Ich verehre und liebe die Staatsoper, ich schätze Bogdan Roščić schon lange, aber kann man auf einer fremden Bühne auftreten, wenn Vorstellungen in den eigenen Theatern angesetzt sind? Zu Silvester?? Es ging also längere Zeit hin und her zwischen Bogdan und mir, bis ich meine Skrupel auch einigen befreundeten Philharmonikern nach einer Vorstellung im Simpl erzählte. Irgendwann im Laufe des Gesprächs fiel aber das Totschlagargument schlechthin: »Nia, dein Opa war Philharmoniker und hat so oft am 31. Dezember in der Staatsoper in der Fledermaus gespielt. Was glaubst du, wie er sich gefreut hätte, seinen Enkel als Frosch auf der Bühne erleben zu dürfen?« Darauf habe ich tief gerührt – ich glaube, ich hatte sogar Tränen in den Augen – beschlossen, zuzusagen.
Ich werde allerdings nach der Vorstellung an der Staatsoper noch ins Simpl hinübereilen, um vielleicht noch in einer Nummer mitzuspielen, jedenfalls aber mit allen anstoßen.
Kommen wir zum Frosch selbst: Ist das eine Art Nestroy’sche Figur?
Absolut, er steht in der Tradition der versoffenen Wiener Typen, die Nestroy gerne auf die Bühne stellte, denken wir nur an den Knieriem im Lumpacivagabundus. Aber schon die Strauß-Operette als solche hat viel mit Nestroy zu tun: In den meisten Nestroy-Stücken gibt es eine Ouvertüre, Begleit- und Zwischenaktmusiken – nicht von ungefähr verfügte Nestroy im von ihm geleiteten Carltheater über ein Orchester samt Orchestergraben. Diese Werke hatten also etwas von einem Singspiel.
Dazu kommt, dass es Nestroy war, der Jacques Offenbach nach Wien geholt hat und u.a. die Wiener Erstaufführung von Orpheus in der Unterwelt im Carltheater realisierte. Und dass Offenbach Strauß inspiriert hat, ist bekannt.
Ist der Frosch lediglich versoffen oder auch bösartig-hinterlistig?
Er ist ein typischer Wiener Beamter, der aus Verzweiflung an der Welt zum Säufer geworden ist und auf diese Art zu allem Geschehen um ihn herum eine ironisch-zynische Distanz halten kann. Sicher, ein bisschen ein Gauner ist er auch.

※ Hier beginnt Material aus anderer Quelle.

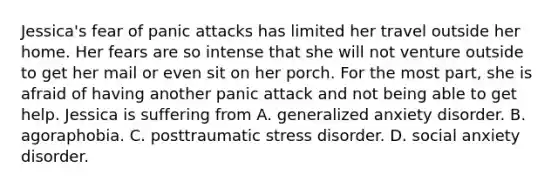 Jessica's fear of panic attacks has limited her travel outside her home. Her fears are so intense that she will not venture outside to get her mail or even sit on her porch. For the most part, she is afraid of having another panic attack and not being able to get help. Jessica is suffering from A. generalized anxiety disorder. B. agoraphobia. C. posttraumatic stress disorder. D. social anxiety disorder.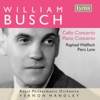 Busch: Cello Concerto & Piano Concerto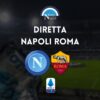 diretta napoli roma sintesi cronaca risultato tabellino serie a live testuale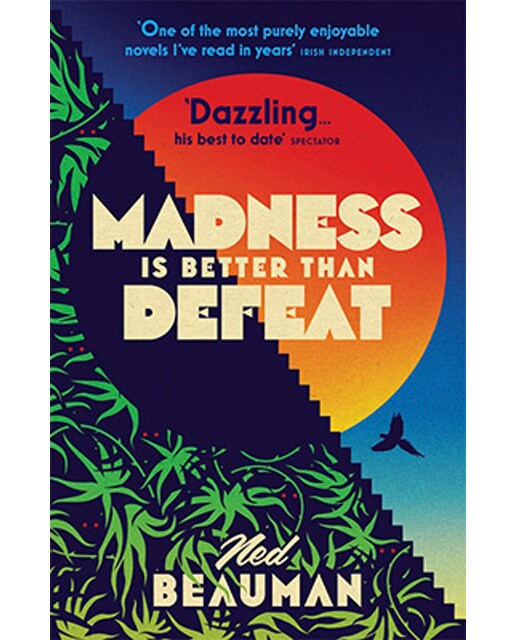 Madness Is Better Than Defeat 1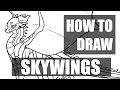 How to Draw Skywings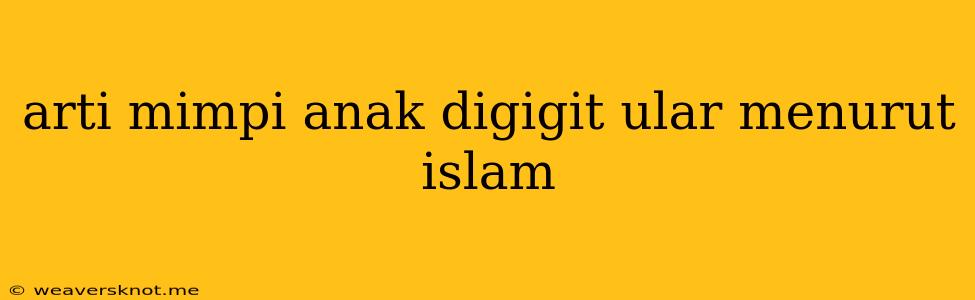 Arti Mimpi Anak Digigit Ular Menurut Islam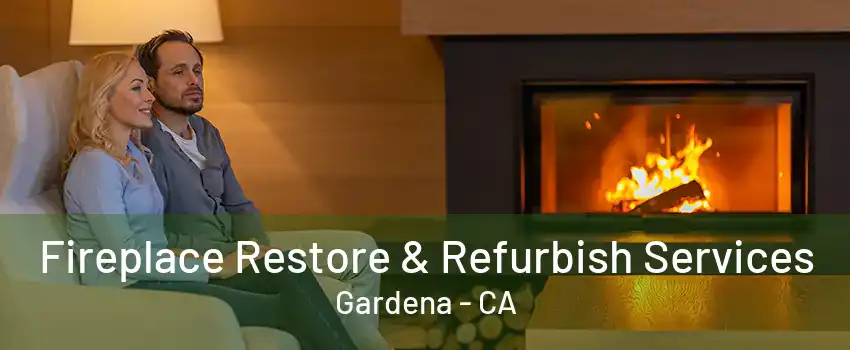 Fireplace Restore & Refurbish Services Gardena - CA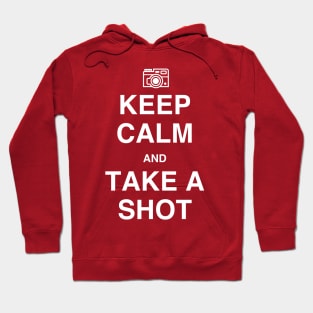 Keep Calm and Take A Shot Hoodie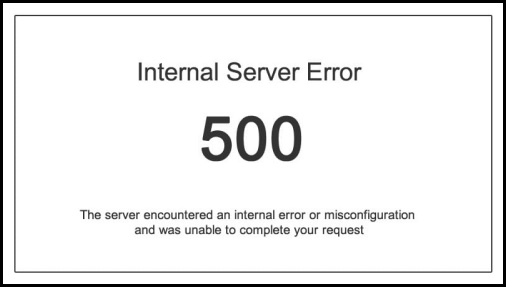 500 Internal Server Error là gì? 500 Internal Server Error là lỗi gì? Đúng nhất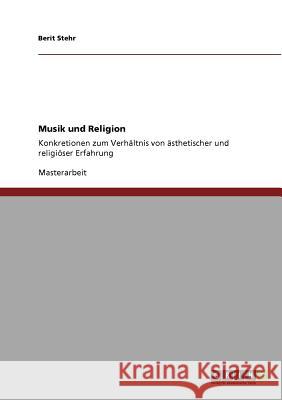 Musik und Religion. Konkretionen zum Verhältnis von ästhetischer und religiöser Erfahrung Stehr, Berit 9783640942886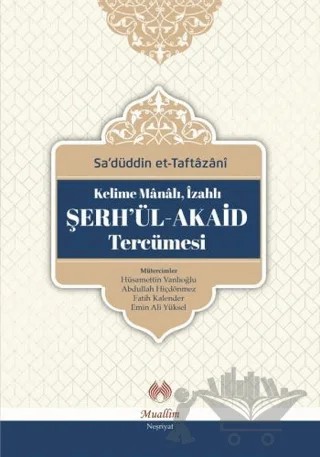 Kelime Manalı, İzahlı Şerh'ül-Akaid Tercümesi – Sa’düddin et- Taftazani – Muallim Neşriyat kitap kapağı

Ursprünglich war die Rolle des Frosch eher klein konzipiert, als eine Art besserer Stichwortgeber. Durch Alexander Girardi gewann die Rolle an Größe, mittlerweile gibt es zahllose Traditions-Witze, die von Generation zu Generation weitergereicht werden. Was davon werden Sie übernehmen?
Ein Teil der alten Witze stammt aus einer Epoche, als diese mutig, subversiv, anarchistisch empfunden wurden. Durch den Wandel der Zeiten und der Gesellschaft haben sie jedoch ihr Salz verloren und wirken heute, wie man auf Wienerisch sagt, »bochn«, also seltsam naiv. Diese sollte man und werde ich durch eine zeitgemäßere Komik ersetzen. Was immer noch funktioniert, bleibt freilich auch bei Niavarani erhalten. Wichtig ist: Jeder Witz muss aus drei Teilen bestehen: Information – Vorbereitung – Pointe. Alles Zusätzliche ist überflüssig. In einem ernsten Drama wird die Pointe freilich durch eine hohe Emotionalität ersetzt und im Kabarett die Information durch eine intellektuelle Auseinandersetzung.

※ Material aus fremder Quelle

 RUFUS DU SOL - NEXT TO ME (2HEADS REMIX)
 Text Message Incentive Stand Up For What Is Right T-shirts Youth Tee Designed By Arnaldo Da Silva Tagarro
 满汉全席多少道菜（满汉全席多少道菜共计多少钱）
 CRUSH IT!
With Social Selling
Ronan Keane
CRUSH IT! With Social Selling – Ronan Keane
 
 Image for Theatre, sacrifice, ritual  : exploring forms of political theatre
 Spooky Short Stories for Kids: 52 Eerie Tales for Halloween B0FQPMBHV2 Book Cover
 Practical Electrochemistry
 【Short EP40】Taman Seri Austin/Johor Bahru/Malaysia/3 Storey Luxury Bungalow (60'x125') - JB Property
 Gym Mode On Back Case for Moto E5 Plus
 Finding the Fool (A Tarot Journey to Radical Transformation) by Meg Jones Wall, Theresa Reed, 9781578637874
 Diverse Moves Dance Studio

In Ihren ersten Jahren als Schauspieler sagten Sie vor jeder Vorstellung im Brustton der Überzeugung hochnervös: »Hätte ich doch einen vernünftigen Beruf gewählt, dann müsste ich jetzt nicht so zittern!« Leiden Sie immer noch an Lampenfieber?

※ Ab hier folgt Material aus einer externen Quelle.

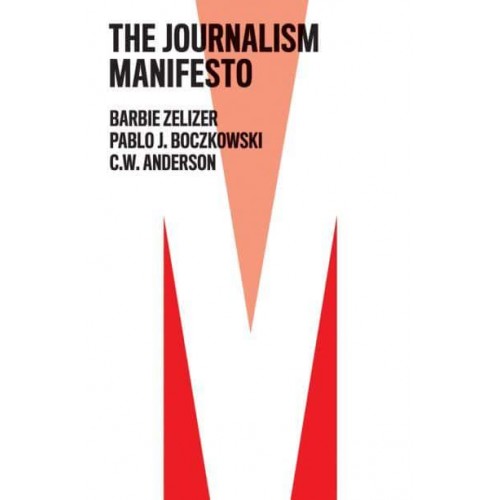 The Journalism Manifesto - The Manifesto Series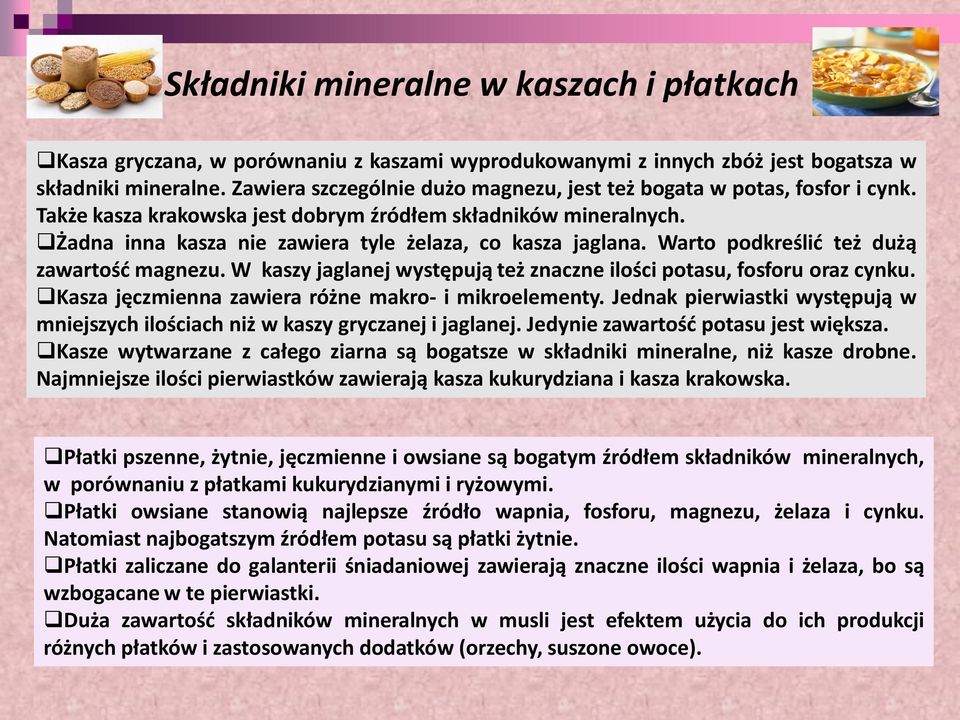 Warto podkreślić też dużą zawartość magnezu. W kaszy jaglanej występują też znaczne ilości potasu, fosforu oraz cynku. Kasza jęczmienna zawiera różne makro- i mikroelementy.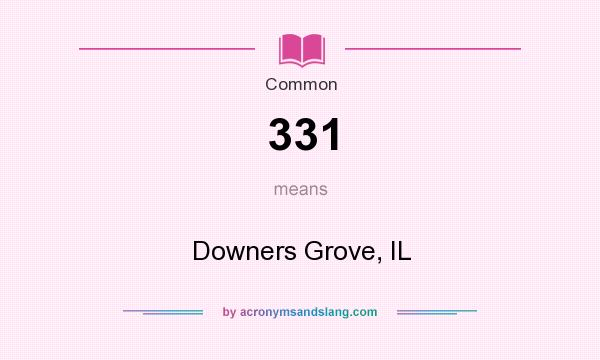 What does 331 mean? It stands for Downers Grove, IL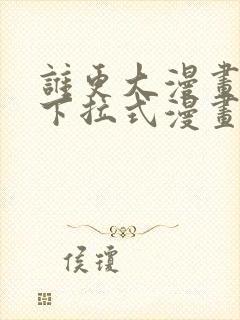 谁更大漫画免费下拉式漫画最新章节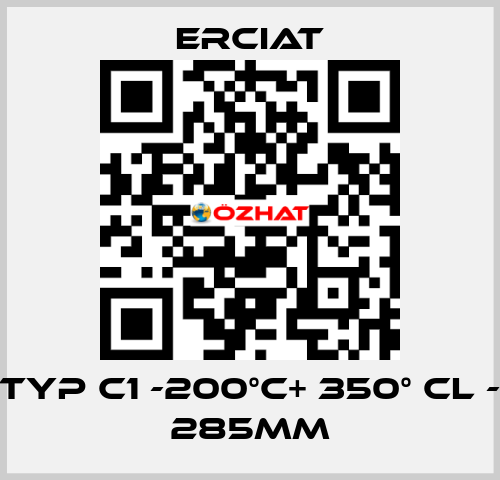 TYP C1 -200°C+ 350° CL - 285MM ERCIAT
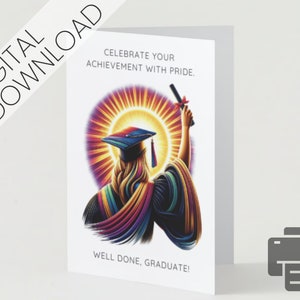 Celebrate Your Achievement With Pride - Graduation Greeting Card - Well Done Graduate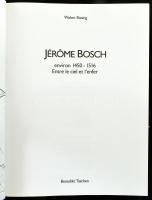 Walter Bosing: Jérome Bosch. Environ 1450-1516. Entre le ciel et l'enfer. Cologne/Köln, 1990., ...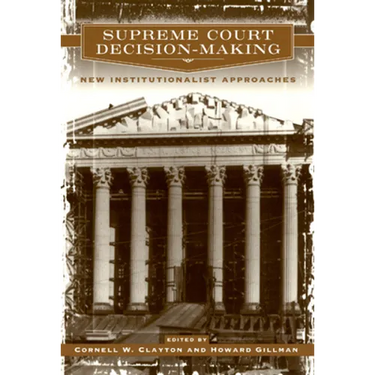 Supreme Court Decision-Making: New Institutionalist Approaches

Es hat sich insofern ein bisschen gebessert, als die Phase, in der ich nervös werde, immer kürzer geworden ist. Jetzt sind nur mehr die letzten Minuten vor dem ersten Auftritt wirklich furchtbar. Das Erstaunliche ist jedoch, dass es für die Vorstellung selbst egal ist, in welcher Verfassung ich mich tagsüber befunden habe: ob müde, traurig, depressiv, verzweifelt – das Theaterspielen geht immer und ich fühle mich danach jedes Mal auch sehr viel besser. Offenbar ist mein Beruf eine Art chiropraktische Behandlung für meine Seele – sie wird stets eingerenkt. Und das empfinde ich als Belohnung für die Angst, die ich vor dem Auftritt hatte.